Please repeat, exactly and without pictures, the lines of the entries below that run from the one containing "LaDonna B.'s Lawn Maintenance service result" through the one containing "Alcaraz somete a".

**WORKING DATA**
====

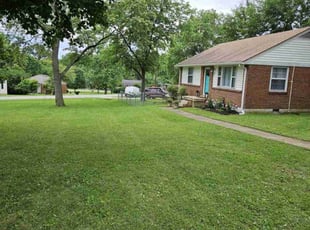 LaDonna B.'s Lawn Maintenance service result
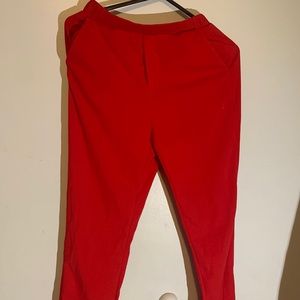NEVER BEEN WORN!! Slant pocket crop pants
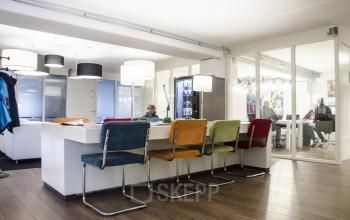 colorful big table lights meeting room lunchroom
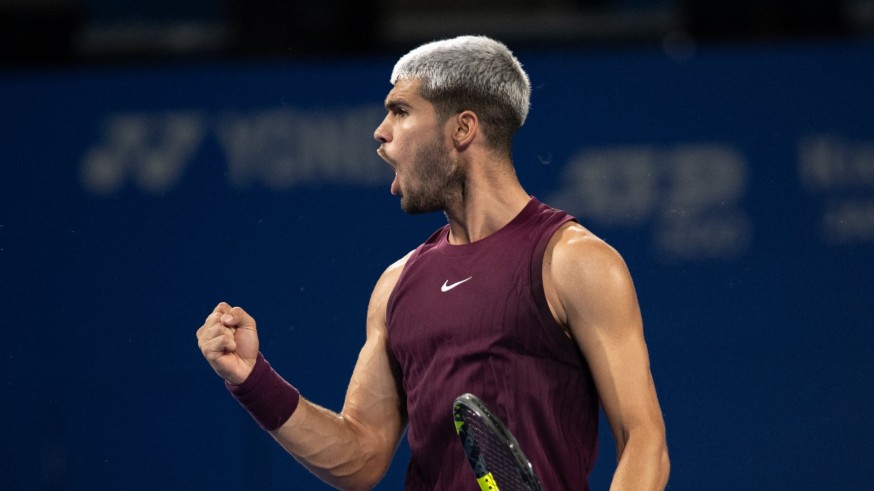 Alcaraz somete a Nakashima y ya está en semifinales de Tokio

====

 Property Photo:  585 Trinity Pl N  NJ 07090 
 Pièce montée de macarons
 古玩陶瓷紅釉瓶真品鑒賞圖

====

**OUTPUT**
 LaDonna B.'s Lawn Maintenance service result
NEVER BEEN WORN!! Slant pocket crop pants
 colorful big table lights meeting room lunchroom
 Alcaraz somete a Nakashima y ya está en semifinales de Tokio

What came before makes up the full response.